Her expression changed. “You're teasing me.”
Amos had prepared Father Dowling for the old woman's interest in the law. “I think she could pass the bar, Father. How she picks up the lore I do not know. Understandably, I suppose, she is particularly interested in trusts and wills and inheritance and all the rest, but I once had an extended conversation with her on the law of copyright, and another on benefactions. She showed me an extraordinary document that had been drawn up when August commissioned the stained glass windows for the church. That was before my time, of course. I mean as the family lawyer. What a sense of contingency that old man had.”
“How so?”
“You will be interested to learn that ownership of those windows reverts to the Deveres in case of, well, there must have been half a dozen possibilities. Jane told me that she herself had insisted on those.”
“Extraordinary.”
“Oh, the conversations I have had with Jane Devere,” Amos said with a dreamy smile.
Father Dowling often envied the old lawyer until he had the uneasy feeling that he might be on the brink of a romantic revelation. After all, both Jane and Amos had lost their spouses.
“I'll give you one example. ‘Take a case,' she said to me. She always began that way. Well, I was to take the case of a family in which a husband fathered a child by a servant girl, a child whose origins were kept a firm secret. It was adopted into the family, not in any legal sense, but under the pretense that it was the betrayed wife's child. The years pass, and that child has children of its own. They bear the family name, but hovering over them is the shadow of the bar sinister; they derive from a parent who was born on the wrong side of the blanket. Very well, time passes, and somehow the secret is learned. Members of the family whose origins are without blemish take action to disinherit the children of that unfortunate child. What did I think would be the outcome.”

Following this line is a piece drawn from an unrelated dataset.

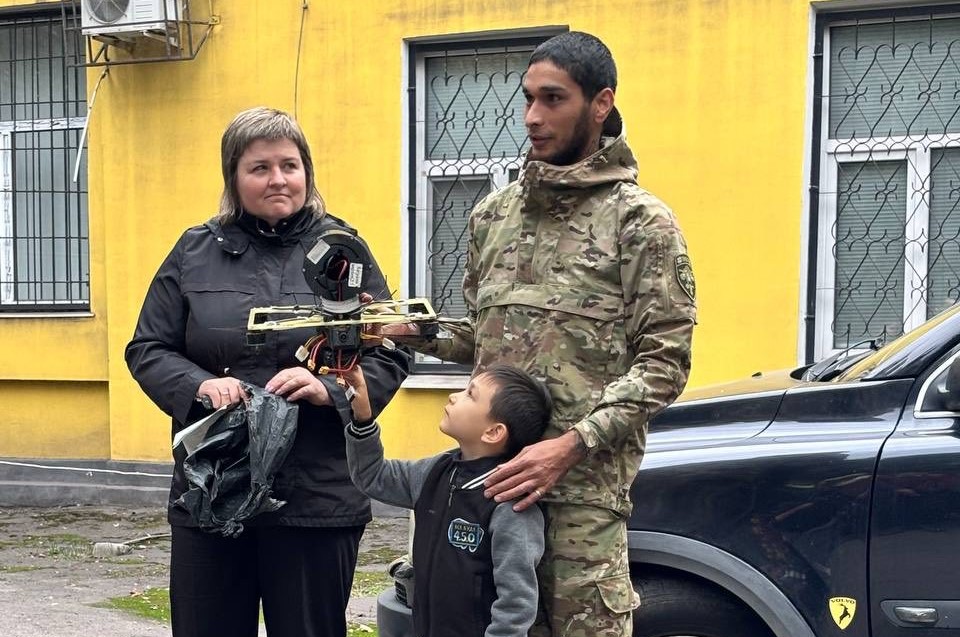 Вже рівно пів сотні: чергове авто від освітян Кам'янського поїхало на передову - ФОТО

“What an imagination she has. What answer did you give her?”
“As we say at my alma mater, I punted. She continued to press me, and I continued to avoid the question. Thank God I have never been confronted with such a problem.”
Eventually, Jane had put a similar case to Father Dowling as a matter of canon law. Amos had told her of her pastor's doctorate in that subject. This time it was the case of a wife who concealed from her husband the fact that the baby she bore was not his. The secret was retained throughout their marriage; the husband died; children were born of the child that was the wife's but not the husband's. Was illegitimacy transitive? Were the issue of that child conceived in sin tainted with illegitimacy?
“But the child was hers.”
“Granted. She marries into a family and of course bears her husband's name. Her son, too, bears his name. What would be their status, Father?”

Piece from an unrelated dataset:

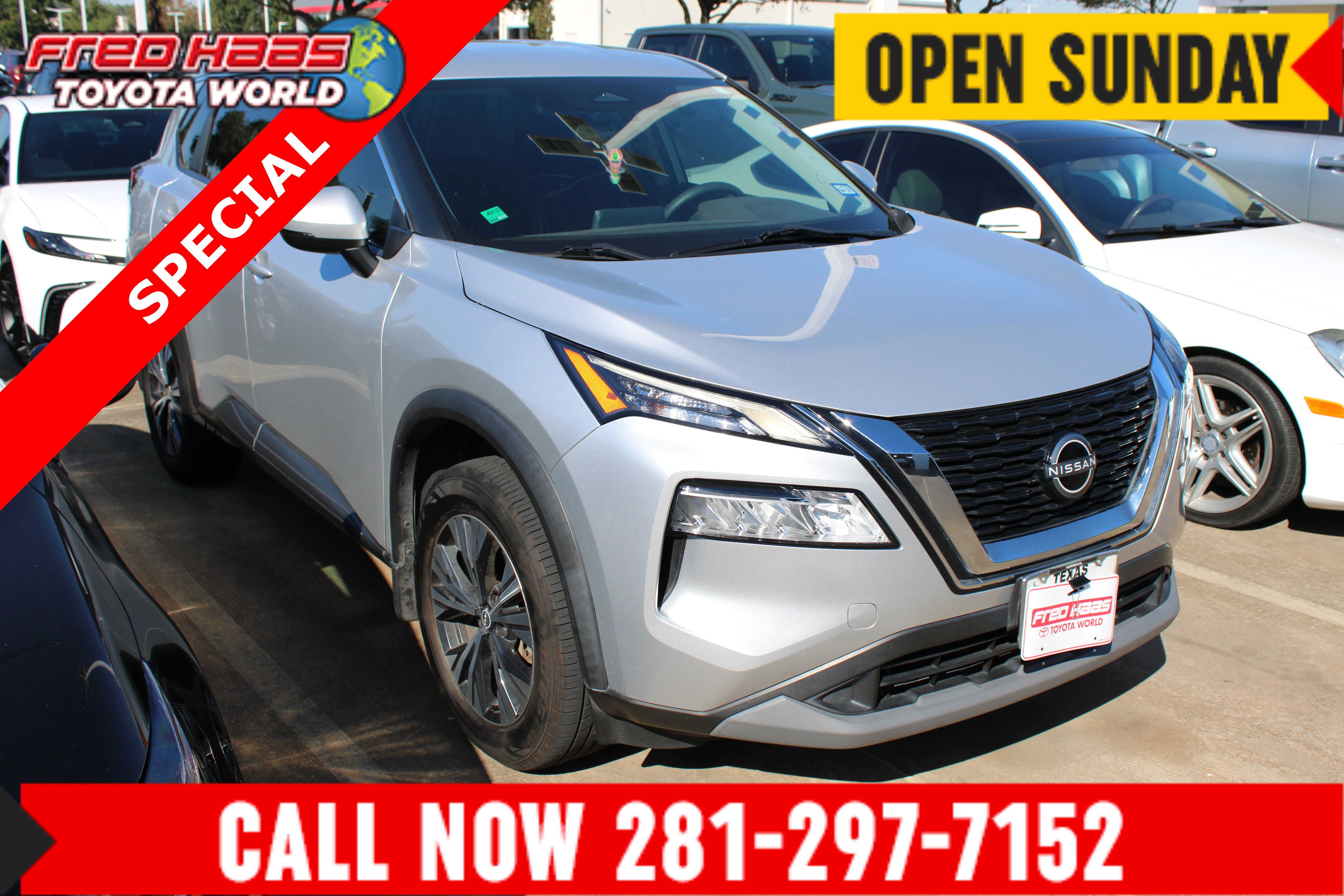 Used 2022 Nissan Rogue SV FWD image 1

He promised to do research on the subject if she really wanted to know.
“I do. I do. Some old women knit or do crossword puzzles or simply say their prayers. Conundra like that are my hobby.”
 
 
“I suppose you hear her confession,” Marie said. The housekeeper was resentful of the claim the Deveres had on the pastor, particularly Jane, whom she had never met. The whole Devere family was a kind of blank in Marie's knowledge of the parish.

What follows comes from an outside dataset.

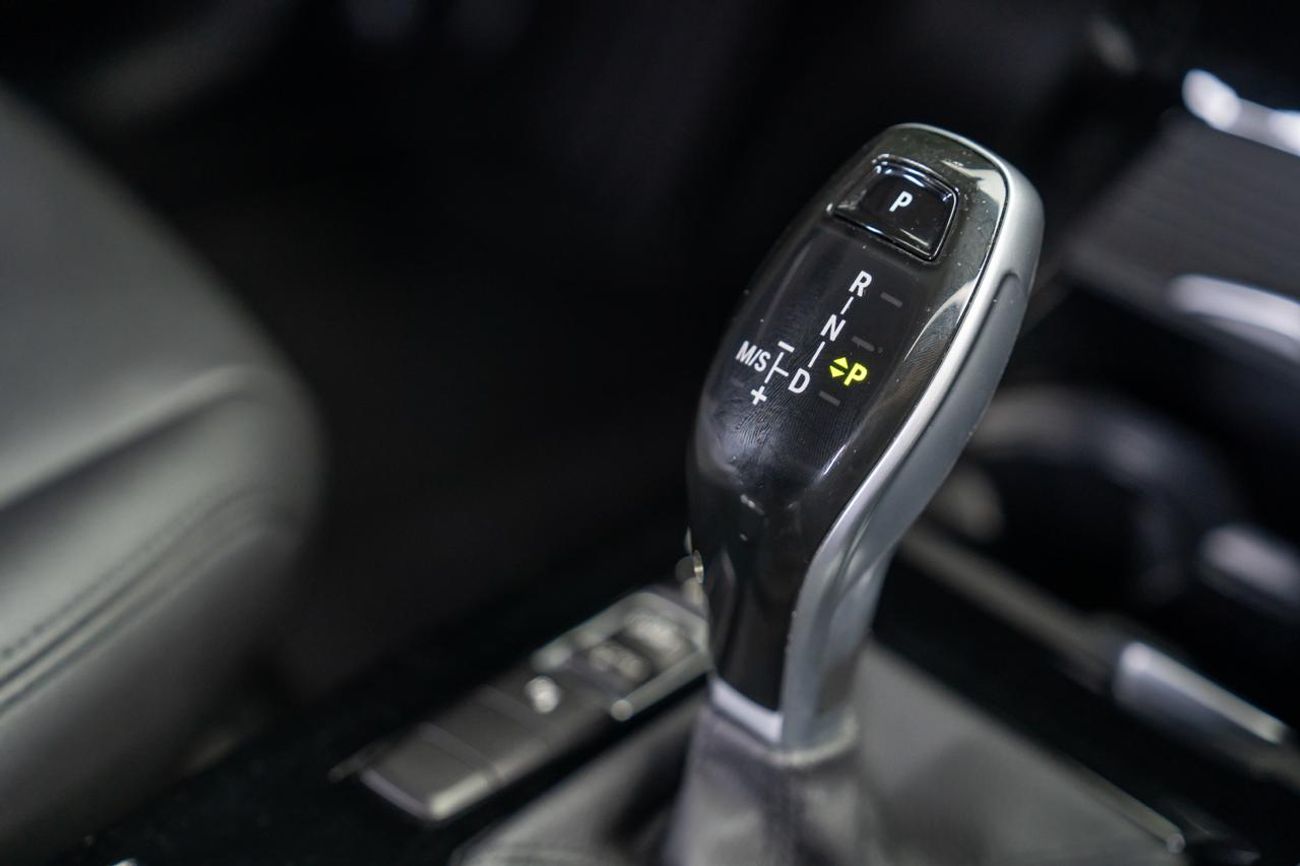 بي أم دبليو X2 SDRIVE20I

“What if she asked me if I heard yours?”
Marie became indignant. “What housekeeper would confess to her own pastor? You know I have a Carmelite confessor.”
“I didn't know.”
“Well, now you do.”
The next time he visited Jane he asked her about confession.
“Oh, Father Felix takes care of that.”
“Father Felix.”
“A Franciscan. He was an assistant here before you came and has continued to serve as my confessor. Surely you didn't think I would receive communion without being in the state of grace.”
“You'll forgive my asking, but it is the kind of thing pastors should know.”
“I am surprised you didn't ask me earlier. What is the latest news from Bishop Wilenski?”
“He tells me that the latest list he has prepared for the cardinal does not include St. Hilary.”
“I'm almost disappointed.”
“You are?”
“I was looking forward to a court battle.”